Once the line containing "Elinde kağıt bardakla" is found in the entries below, restate it and each following line word for word, stopping after the line containing "fragment of a banknote five American dollars".
Top of Material to process
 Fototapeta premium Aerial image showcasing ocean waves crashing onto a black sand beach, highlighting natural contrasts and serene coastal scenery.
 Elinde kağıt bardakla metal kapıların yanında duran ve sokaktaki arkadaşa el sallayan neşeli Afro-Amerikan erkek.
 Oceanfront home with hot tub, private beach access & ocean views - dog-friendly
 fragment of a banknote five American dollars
Bottom of Material to process
Top of Material to process
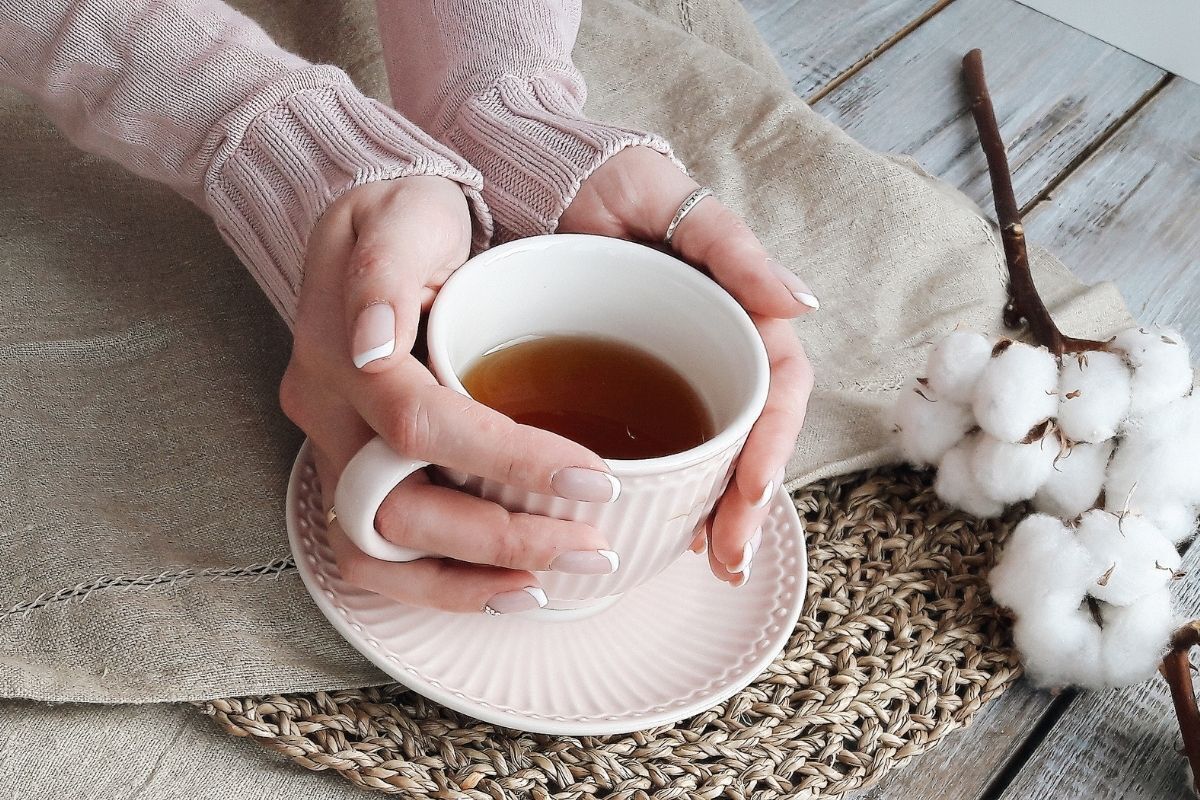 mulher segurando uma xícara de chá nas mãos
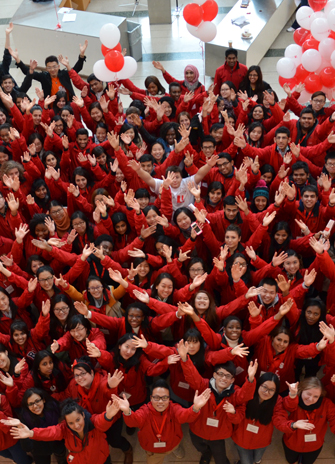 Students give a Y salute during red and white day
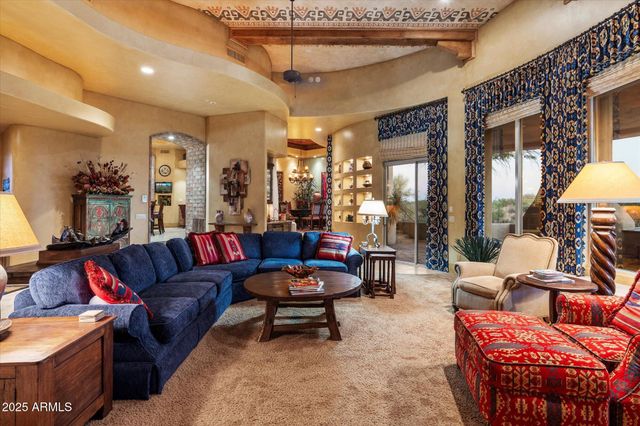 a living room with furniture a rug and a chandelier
Bottom of Material to process
Response:
 Elinde kağıt bardakla metal kapıların yanında duran ve sokaktaki arkadaşa el sallayan neşeli Afro-Amerikan erkek.
 Oceanfront home with hot tub, private beach access & ocean views - dog-friendly
 fragment of a banknote five American dollars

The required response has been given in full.